The 30-Day Positive Parenting Challenge provides simple, effective top tips for positive parenting, helping you to:
- Identify and clearly define your personal positive parenting “why” to keep you motivated and on track
- Learn the foundation and essentials of positive discipline
- Uncover the truth about appropriate and effective consequences
- Successfully validate your child’s feelings
- Increase two-way trust in your parent-child relationship
- Set limits and boundaries with love
- Be present and make the most of every moment with your child
- Show love in ways children best receive it
- Help your child grow through their mistakes
- Increase your child’s ability to show remorse and feel empathy for others
- Foster your child’s sense of autonomy and gain independent skills
- Remain confident in your positive parenting approach, even if you lack support from loved ones
- Model and practice self-care
What will I need to do?
The 30-Day Challenge is truly a pint-sized powerhouse when it comes to top tips for positive parenting! Find just 2-3 minutes to tackle one tip a day and reflect as you go! It’s really that straightforward and time-efficient. The workbook is designed to help you celebrate your greatest parenting wins, note any areas for growth, and record your own ideas for how to grow as a positive parent!

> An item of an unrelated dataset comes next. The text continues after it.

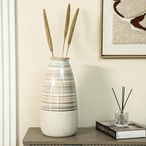 Vase - Beige and Blue Stripes - Ceramic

Now’s the time to be the positive parent you always planned to be… for free!
Sign-up below and the 30-Day Positive Parenting Challenge will be delivered right to your inbox! Never hesitate to email me with questions along the way, I’m happy to connect. In addition, you’ll be added to the Such a Little While circle of support newsletter (Don’t worry, you and I are both too busy for spam. I share only the very best content and free bonus resources with my top parents!).
The last thing you need to know about top tips for positive parenting
I don’t know about you, but I’ve learned some incredible top tips for positive parenting today from this inspiring group of moms! The best part about learning from one another and growing together is knowing you will always remain the expert on your children. As you reflect on these top tips for positive parenting and tidbits from other parents in your life, take and implement what feels right for you and your family. Adapt, adjust, and forgo what you would like. There is no perfect science to parenting! Even when implementing evidence-based positive parenting practices, you’ll want to take into account your child’s individual strengths, areas for growth, and temperament. Fortunately, you know these factors like the back of your hand. In other words, you got this!